- [WHAT IS EXPECTED]: Where the lines below hold images, skip those and copy every word exactly.

[Dataset entries]
::::

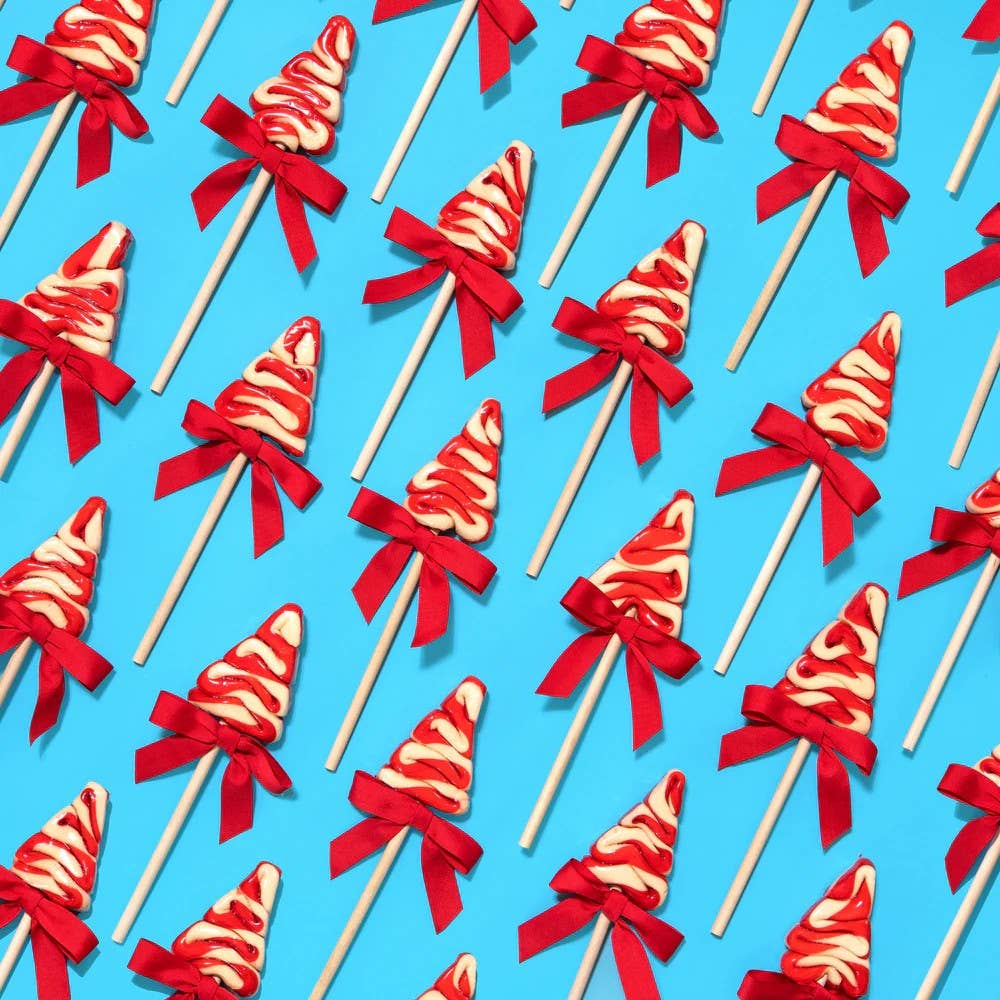 Organic Holiday Tree Lollipops - Peppermint - 18 Pc Display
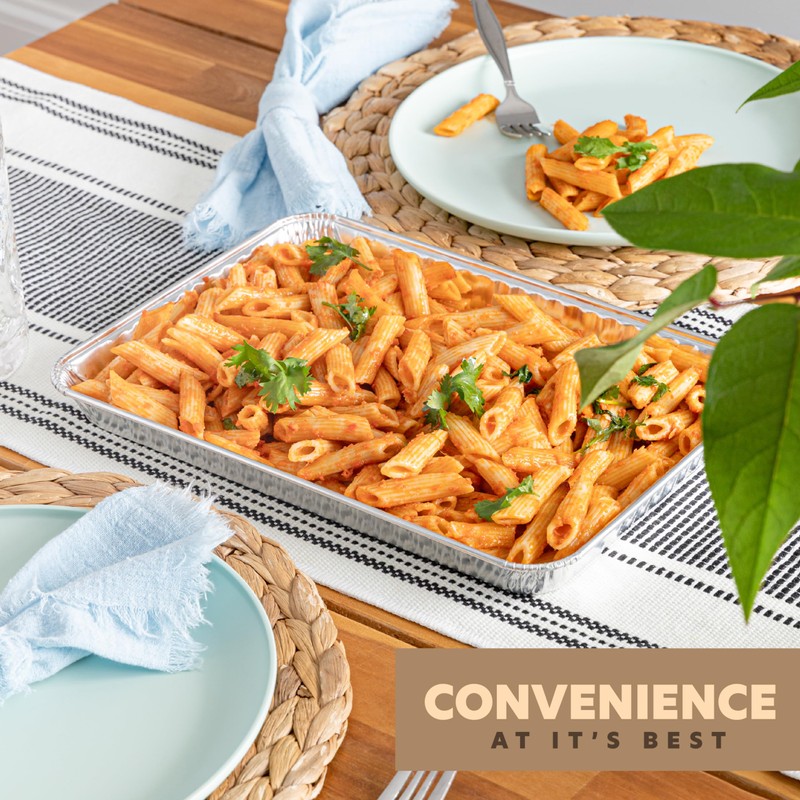 PLASTICPRO Aluminum Pans 5 Pack Disposable Cookie Sheets 9'' x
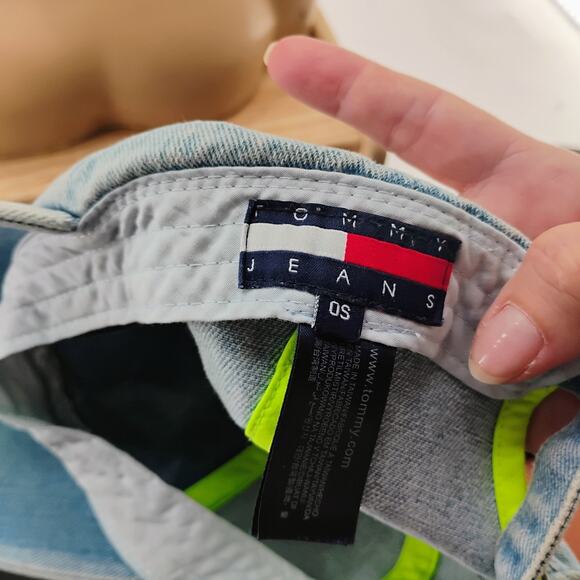 Vtg Tommy Hilfiger Jeans Adjustable Denim Baseball Flag Logo Cap Hat Leather Str - Picture 9 of 9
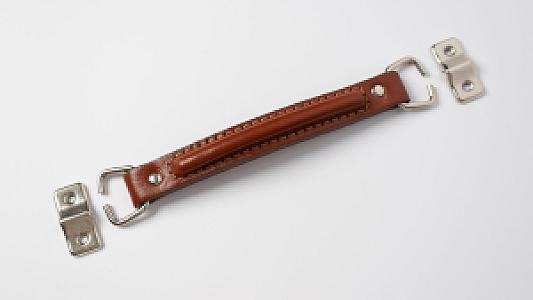 Kit Bag Handle with Attaching Plates Raised Stitching - Gallery Image 2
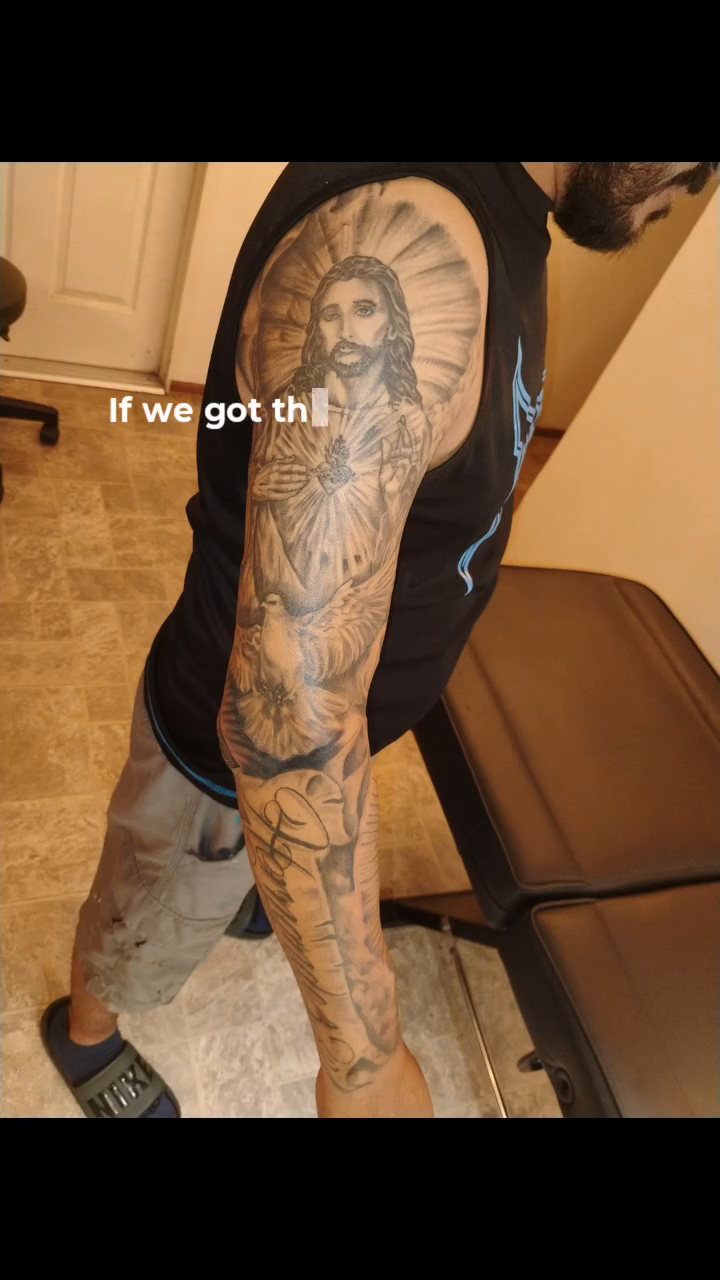Religious imagery sleeve Chicano tattoo on the leg by Alfredo Sosa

::::

- [FINISHED EXERCISE]:
 Organic Holiday Tree Lollipops - Peppermint - 18 Pc Display
 PLASTICPRO Aluminum Pans 5 Pack Disposable Cookie Sheets 9'' x
 Vtg Tommy Hilfiger Jeans Adjustable Denim Baseball Flag Logo Cap Hat Leather Str - Picture 9 of 9
 Kit Bag Handle with Attaching Plates Raised Stitching - Gallery Image 2
Religious imagery sleeve Chicano tattoo on the leg by Alfredo Sosa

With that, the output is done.